• _WHAT THIS TASK INVOLVES_
Your copy should match the entries below exactly, apart from the images.

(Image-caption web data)
== Segment start ==

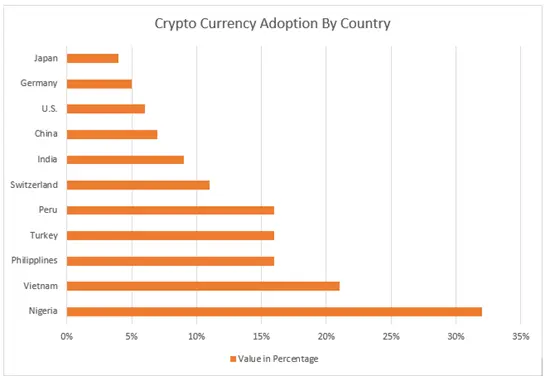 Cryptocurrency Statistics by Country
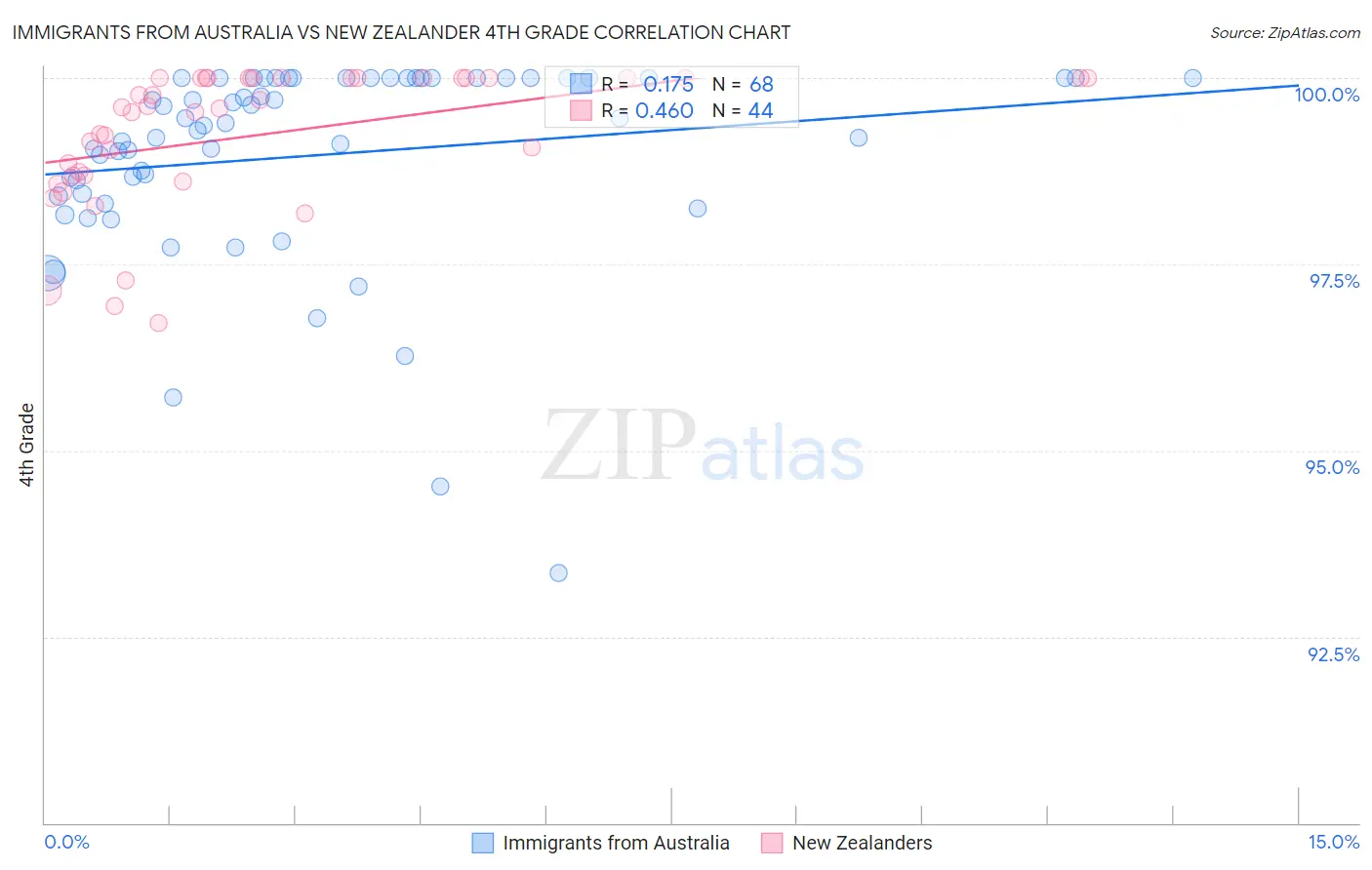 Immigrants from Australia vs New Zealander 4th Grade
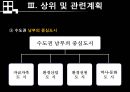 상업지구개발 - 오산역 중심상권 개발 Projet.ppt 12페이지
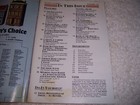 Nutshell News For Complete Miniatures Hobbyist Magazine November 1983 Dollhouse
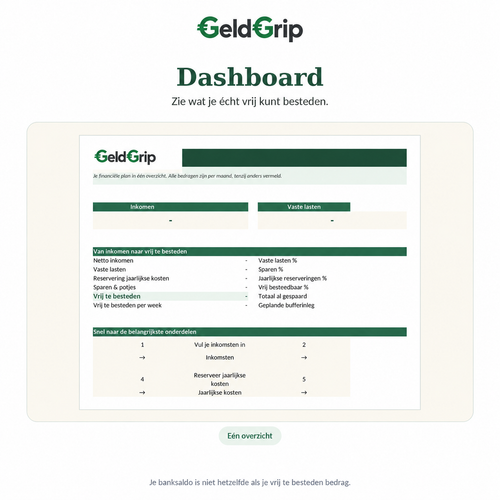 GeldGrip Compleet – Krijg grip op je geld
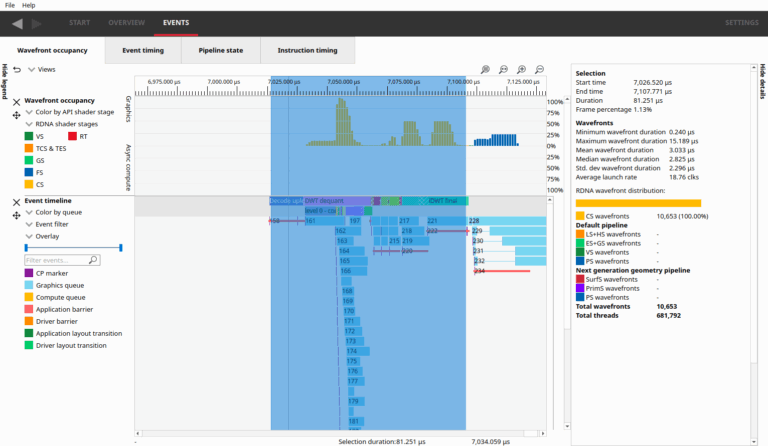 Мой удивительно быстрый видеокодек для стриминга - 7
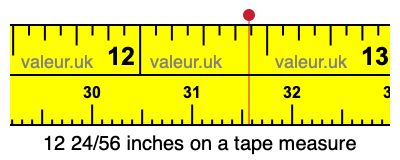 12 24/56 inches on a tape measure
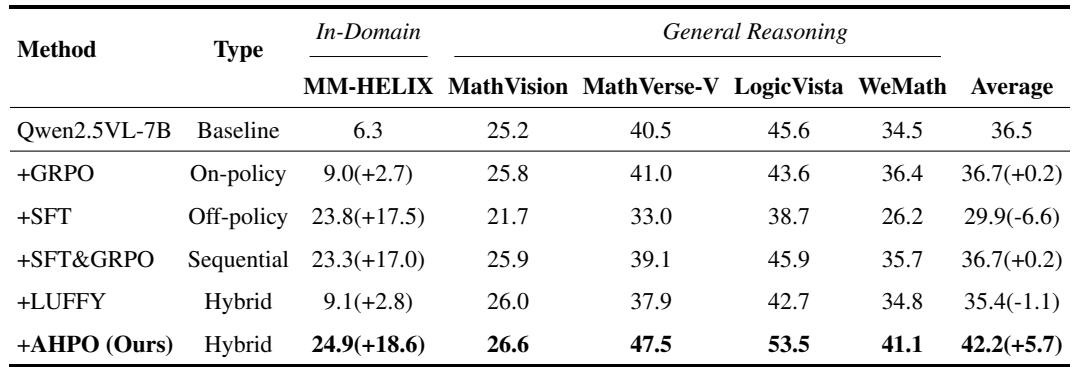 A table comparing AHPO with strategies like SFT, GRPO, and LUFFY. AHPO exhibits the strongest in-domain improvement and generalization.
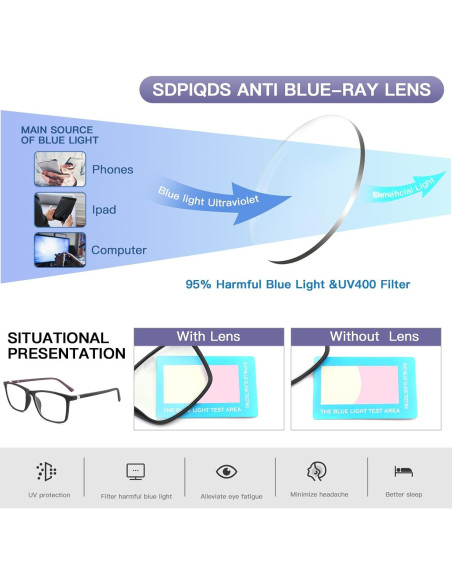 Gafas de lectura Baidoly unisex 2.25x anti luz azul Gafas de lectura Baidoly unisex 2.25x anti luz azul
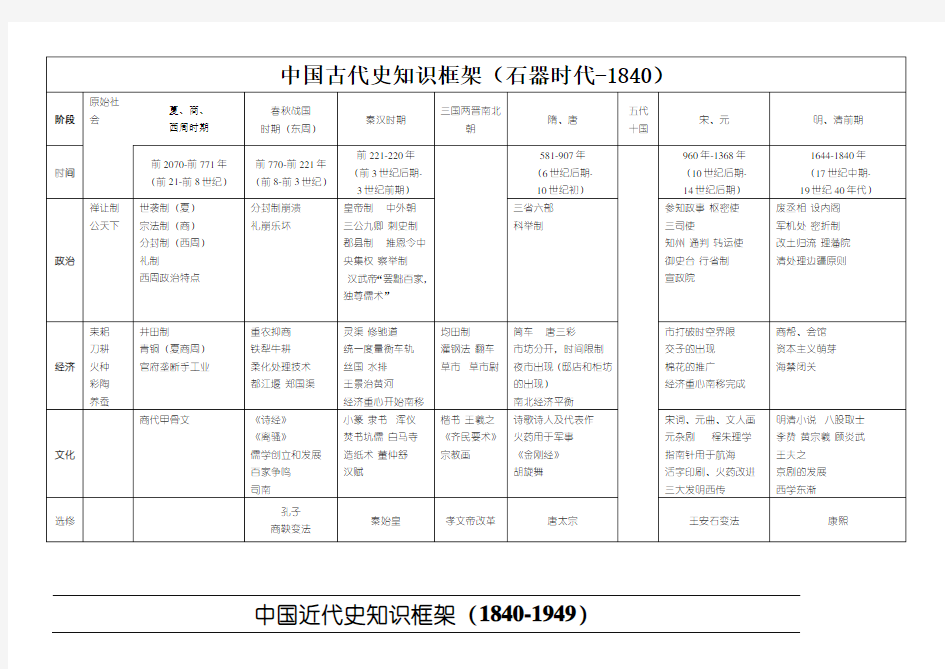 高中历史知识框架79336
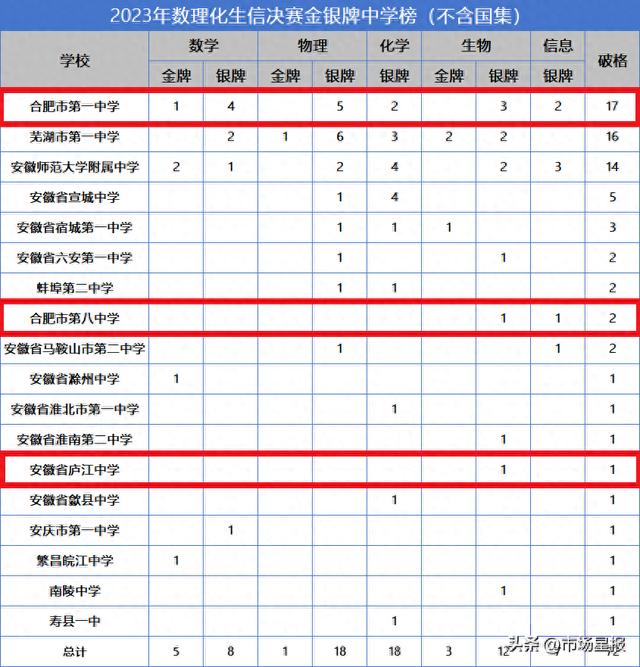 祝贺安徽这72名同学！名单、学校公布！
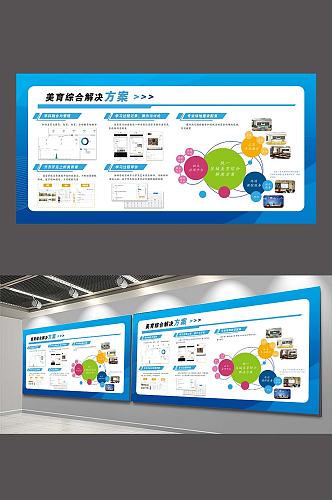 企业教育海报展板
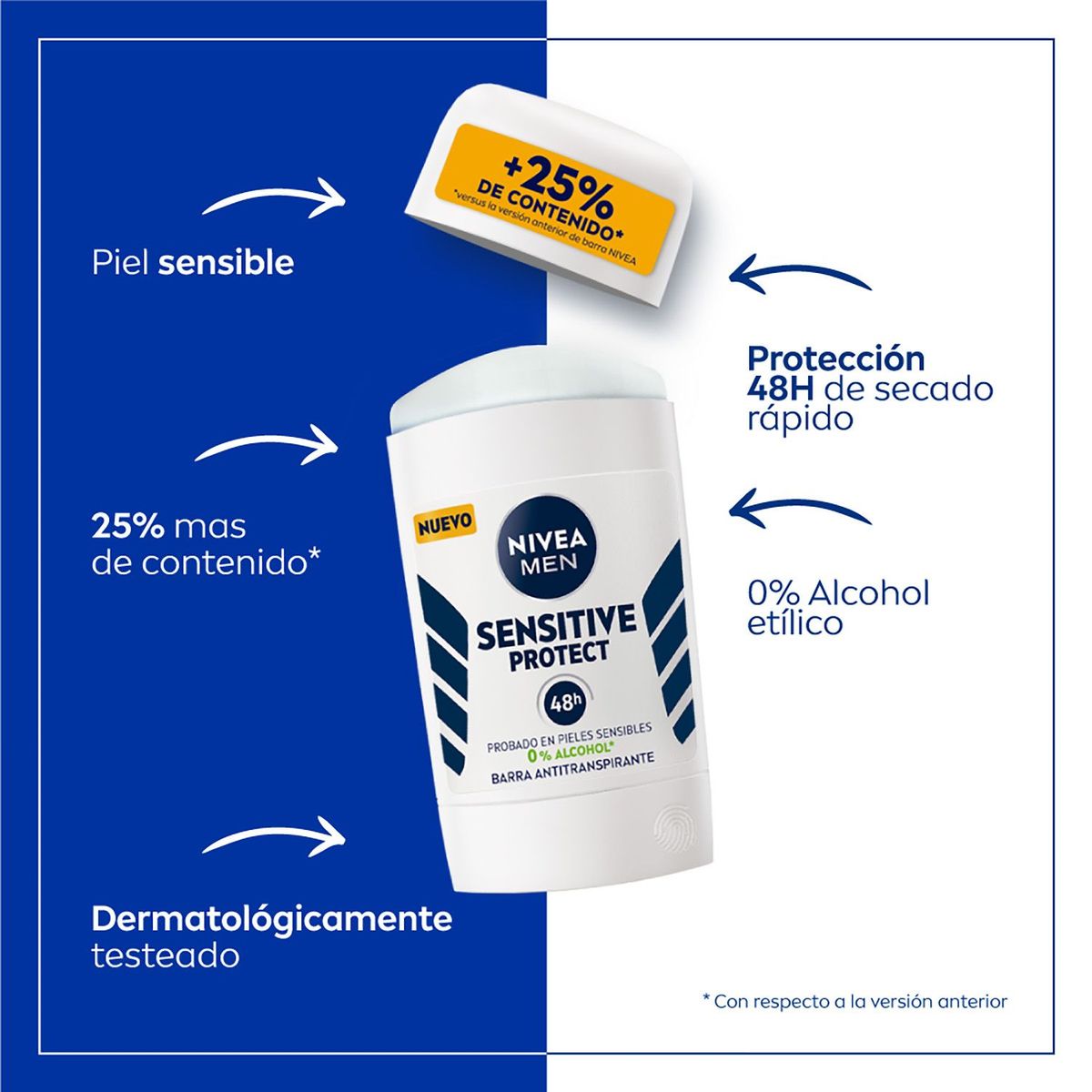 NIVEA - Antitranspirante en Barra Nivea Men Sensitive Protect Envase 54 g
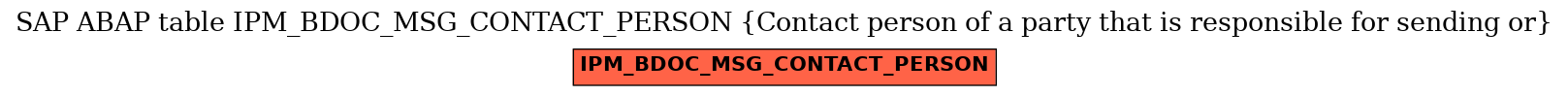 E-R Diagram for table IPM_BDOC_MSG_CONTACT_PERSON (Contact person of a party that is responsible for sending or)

== Segment end ==

• _EXERCISE RESULT_
 Cryptocurrency Statistics by Country
 Immigrants from Australia vs New Zealander 4th Grade
 상업지구개발 - 오산역 중심상권 개발 Projet.ppt 12페이지
 Nutshell News For Complete Miniatures Hobbyist Magazine November 1983 Dollhouse
 GeldGrip Compleet – Krijg grip op je geld
 Мой удивительно быстрый видеокодек для стриминга - 7
 12 24/56 inches on a tape measure
 A table comparing AHPO with strategies like SFT, GRPO, and LUFFY. AHPO exhibits the strongest in-domain improvement and generalization.
 Gafas de lectura Baidoly unisex 2.25x anti luz azul Gafas de lectura Baidoly unisex 2.25x anti luz azul
 高中历史知识框架79336
 祝贺安徽这72名同学！名单、学校公布！
 企业教育海报展板
 NIVEA - Antitranspirante en Barra Nivea Men Sensitive Protect Envase 54 g
 E-R Diagram for table IPM_BDOC_MSG_CONTACT_PERSON (Contact person of a party that is responsible for sending or)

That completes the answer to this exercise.